Un seul détail complète ce bref portrait : au moment où elle aperçoit Nestor, Néronès est en train de se coiffer, un miroir à la main6, une activité marquée comme féminine et associée à la séduction. Le Roman de la Rose de Guillaume de Lorris offre ici un parallèle intéressant : l’Amant y est accueilli par une belle femme nommée Oiseuse qui passe son temps à se mirer et à se peigner les cheveux7. Un élément renforce le rapprochement entre cette personnification de l’oisiveté aristocratique et Néronès : dans les deux récits, l’action se déroule dans un verger, lieu de l’amour par excellence, et qui plus est, ce verger est présenté comme impénétrable. Dans le Roman de la Rose, le jardin de Déduit est tout clos de haut mur bataillié8 et protégé par les statues des figures anti-courtoises telles que Haine et Envie ; l’Amant erre, ne sachant de quelle manière il pourrait y entrer, jusqu’à ce que Oiseuse vienne lui ouvrir une petite porte bien cachée. De même, dans le Perceforest, le chasteau et le jardin estoient clos de tant hault murs que l’en n’y eust sceu monter en nulle maniere ; l’apparition subite de Nestor provoque un étonnement général, puisqu’il n’estoit homme que en ce vergier peust entrer, s’il ne volloit en l’aer9. C’est le père de Néronès qui joue cette fois-ci le rôle de gardien du lieu interdit. Seule l’intervention d’un être surnaturel, Zéphir, permet à Nestor d’y pénétrer.
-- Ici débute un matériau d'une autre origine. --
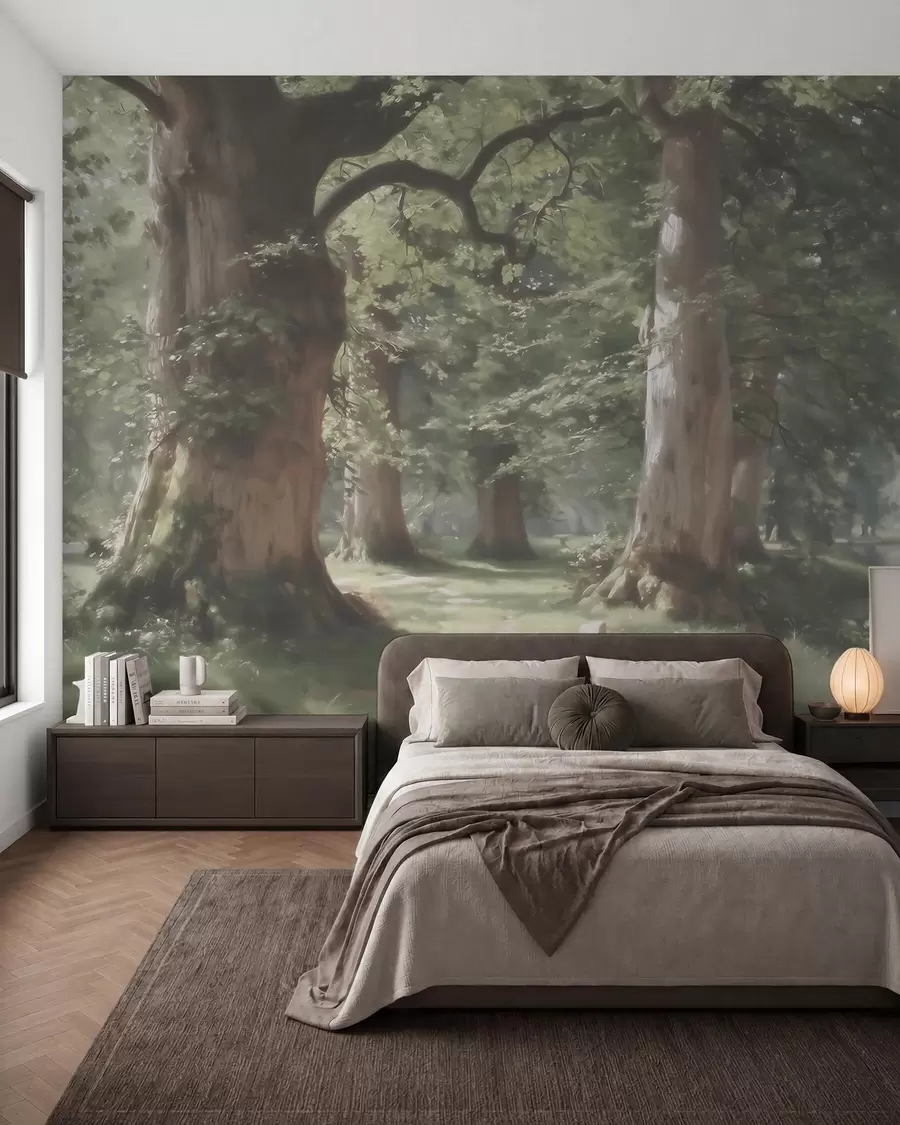 peintures murales Paysage forestier féérique dans une douce palette de verts et de beiges, dans un style pictural w09845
Dans la littérature critique, Oiseuse est vue comme une figure ambiguë ; elle est tantôt rapprochée de Luxure, représentée elle aussi avec un miroir et un peigne10, tantôt vue d’une façon plus positive comme « une forme de loisir qui permet à l’amour de se déployer11 ». Néronès semble, quant à elle, échapper à une telle ambivalence. Les quelques détails qui autorisent à la comparer à Oiseuse – la coiffure, le miroir, le lieu clos auquel est associée sa première apparition – préfigurent davantage le développement de l’intrigue, en annonçant une histoire d’amour à venir, plutôt qu’ils ne révèlent la complexité du personnage. Le portrait de Néronès, contrairement à celui d’Oiseuse qui s’étale sur plus de quarante vers, se distingue, on l’a dit, par son extrême brièveté. Il s’agit d’un choix conscient de l’auteur, qui s’attache, quelques paragraphes plus loin, à décrire l’apparence physique de Nestor et enrichit même son portrait de détails réalistes concernant la longueur de sa barbe, la couleur de sa peau ou encore sa poitrine12. Un voile de mystère plane en revanche sur Néronès dont on ne connaît même pas le nom13 ; sa personnalité sera révélée progressivement, d’abord par le biais de ses conversations avec Nestor, puis à travers les épreuves qu’elle devra subir pour être réunie à son bien-aimé.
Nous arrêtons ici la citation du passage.